§ **Dataset excerpts**
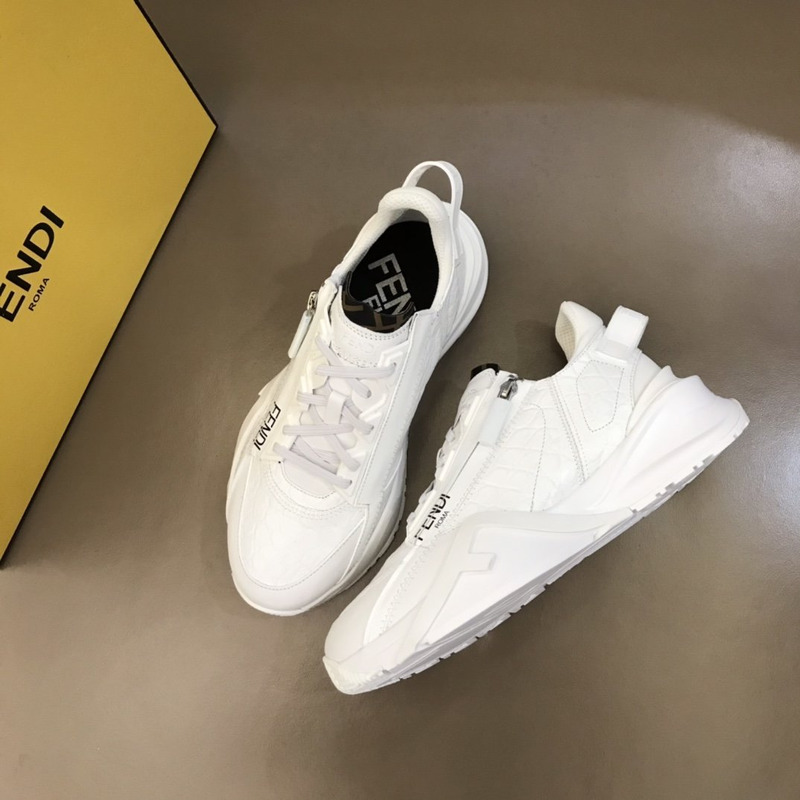 F**di flow low-tops white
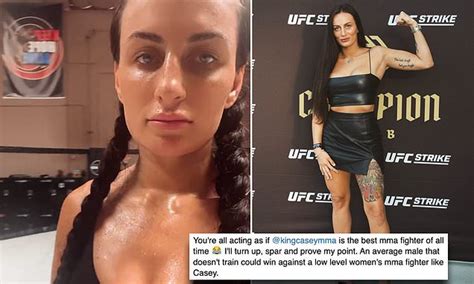 Glamorous Australian UFC star Casey O'Neill challenges troll to MMA fight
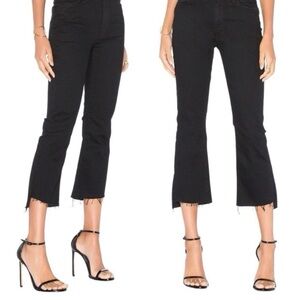 MOTHER jeans. The Insider Crop Step Fray in Not Gulity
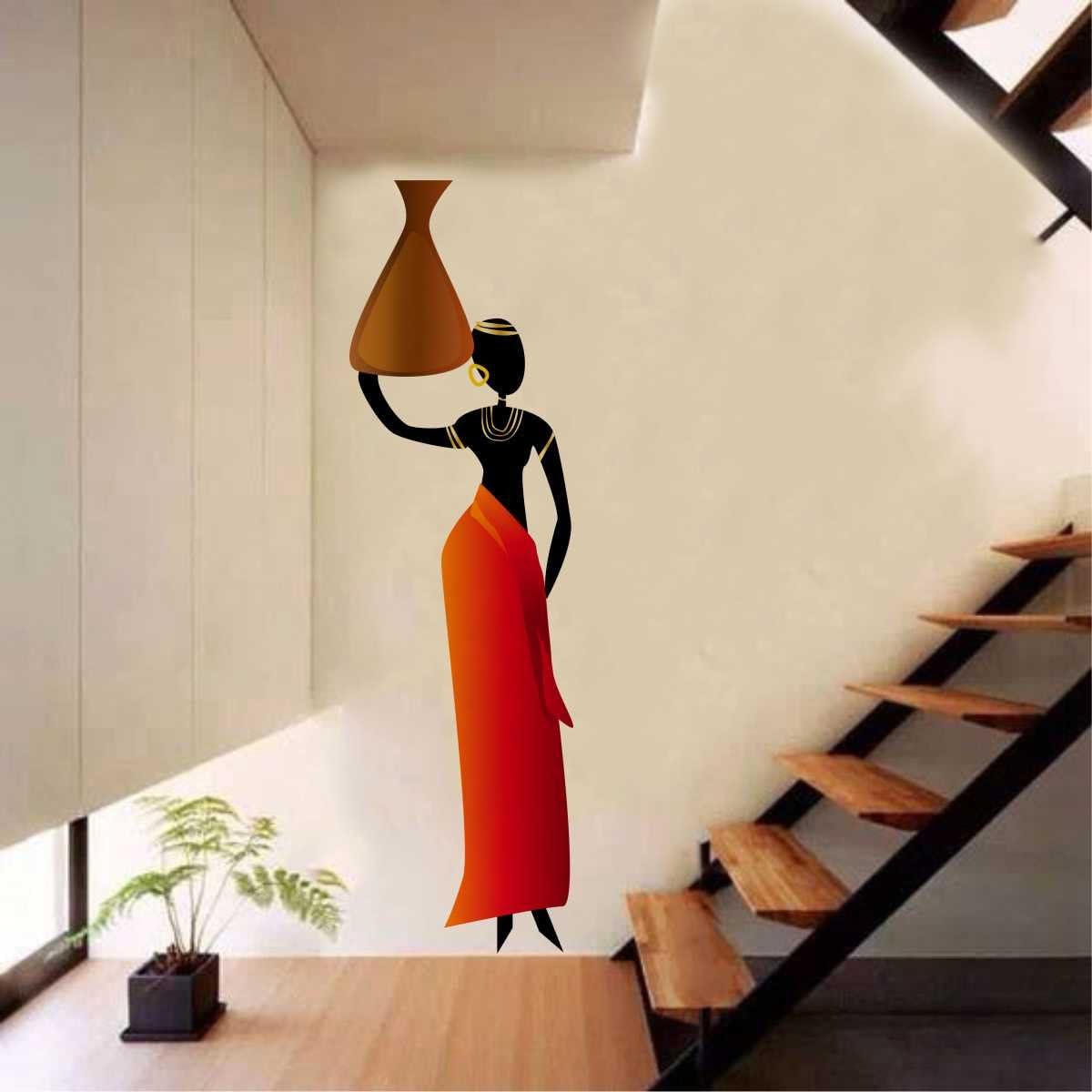 RawpocketsRawpockets 'African Tribal Women' Wall Sticker (PVC Vinyl, 30 cm x 100cm)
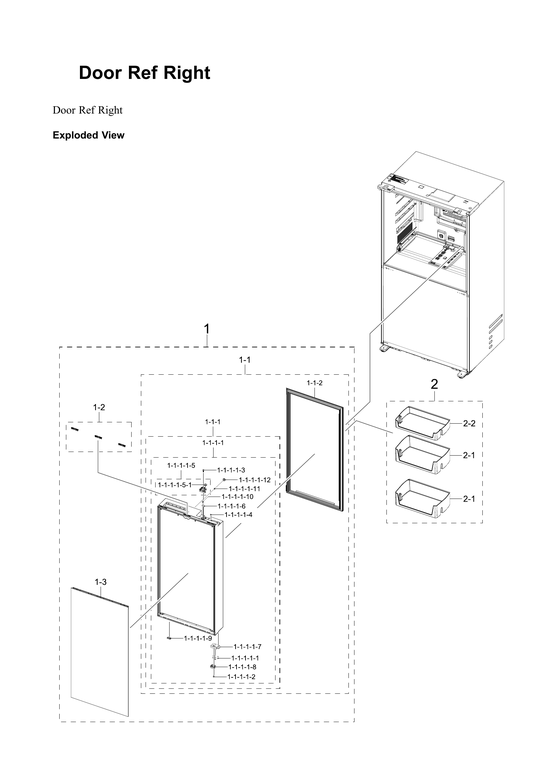Right refrigerator door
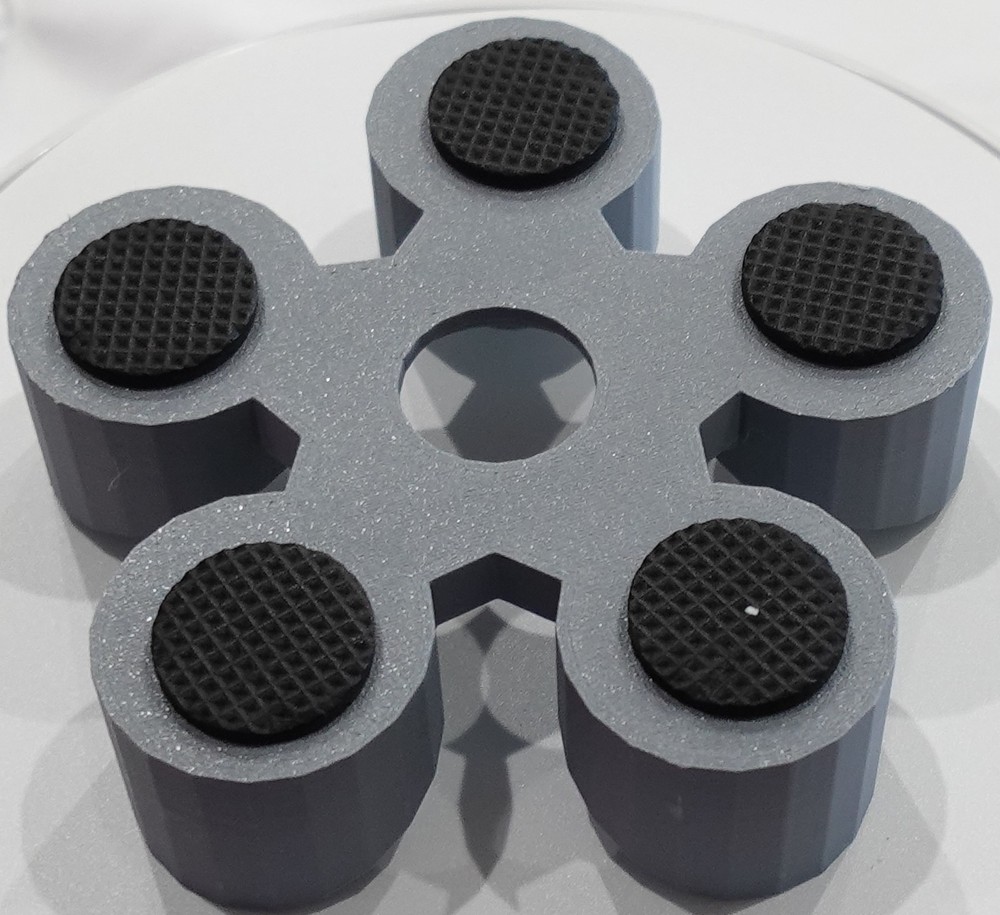 Bowling Ball Spinner Cup - Gray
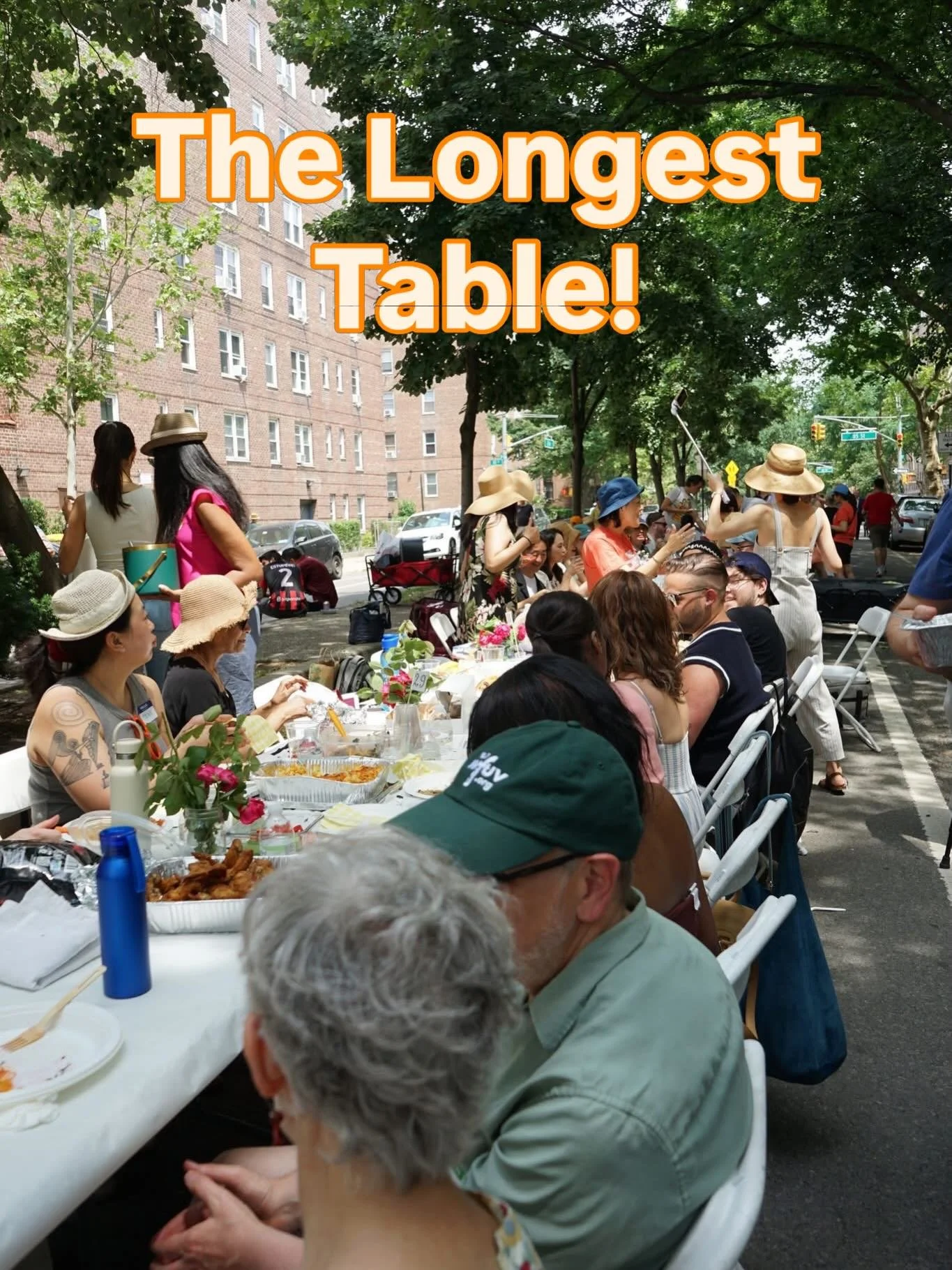 Along with Paseo Park, CM Krishnan&rsquo;s Office, Topaz Arts, the 34th Avenue Open Streets Coalition, and the Queens Chamber of Commerce, we were proud to co-sponsor the Longest Table Event today.  It was a friendly way to bring people together, to 
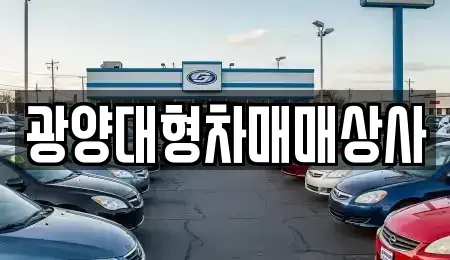 전남 광양시 황금동 중고차 전문 광양대형차매매상사
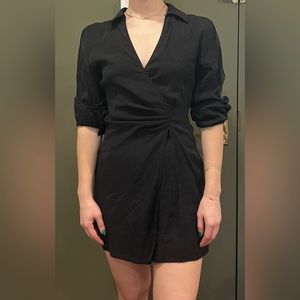 Mini shirt dress with very light fabric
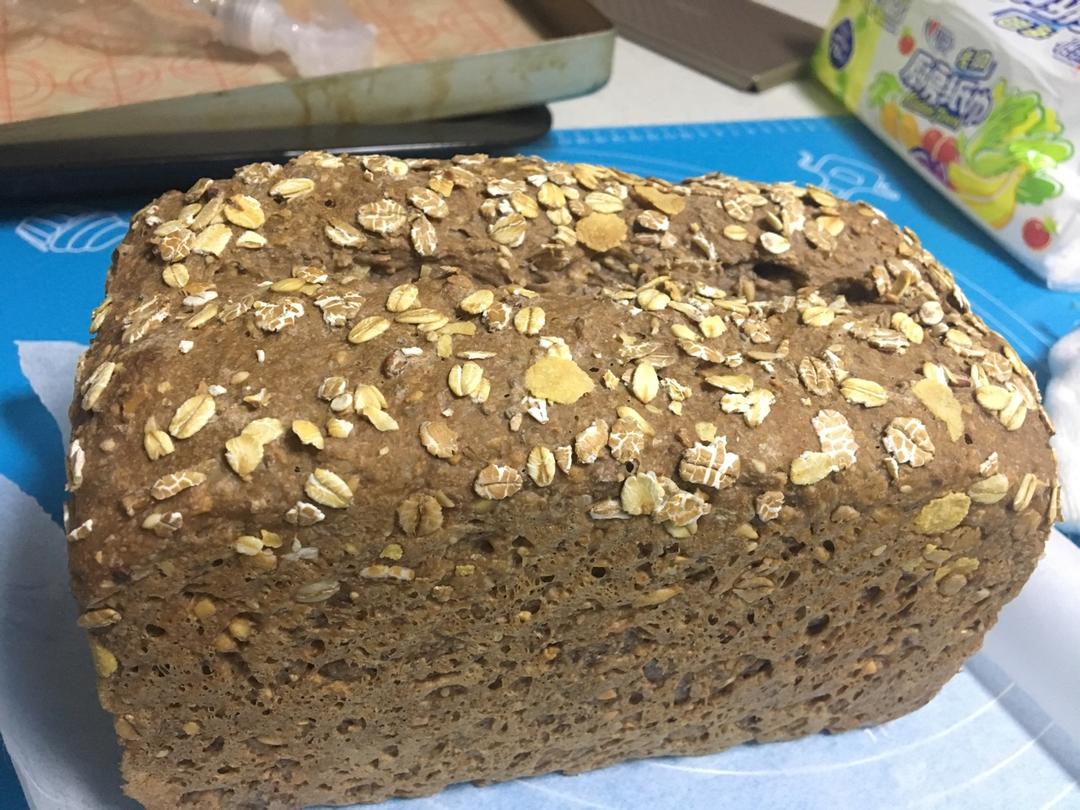 德国粗粮吐司（Vollkorn）丨健康·烘焙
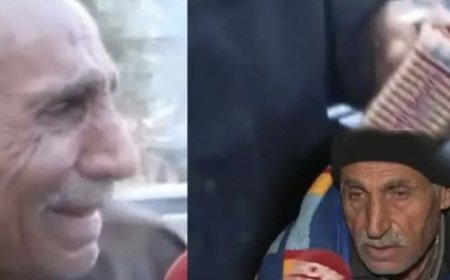 Bisküvi ile enkaz başında bekleyen Şerif Amca, Türkiye’yi bir kez daha ağlattı: 'Mezarına koyacaktım, başka bir çocuğa verdim'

§ **What is required**
Within the entries above, give again exactly the lines starting at the one that contains "Glamorous Australian UFC" and ending at the one that contains "德国粗粮吐司（Vollkorn）丨健康·烘焙", leaving out the pictures.

§ **Response area**
 Glamorous Australian UFC star Casey O'Neill challenges troll to MMA fight
 MOTHER jeans. The Insider Crop Step Fray in Not Gulity
 RawpocketsRawpockets 'African Tribal Women' Wall Sticker (PVC Vinyl, 30 cm x 100cm)
Right refrigerator door
 Bowling Ball Spinner Cup - Gray
 Along with Paseo Park, CM Krishnan&rsquo;s Office, Topaz Arts, the 34th Avenue Open Streets Coalition, and the Queens Chamber of Commerce, we were proud to co-sponsor the Longest Table Event today.  It was a friendly way to bring people together, to 
 전남 광양시 황금동 중고차 전문 광양대형차매매상사
 Mini shirt dress with very light fabric
 德国粗粮吐司（Vollkorn）丨健康·烘焙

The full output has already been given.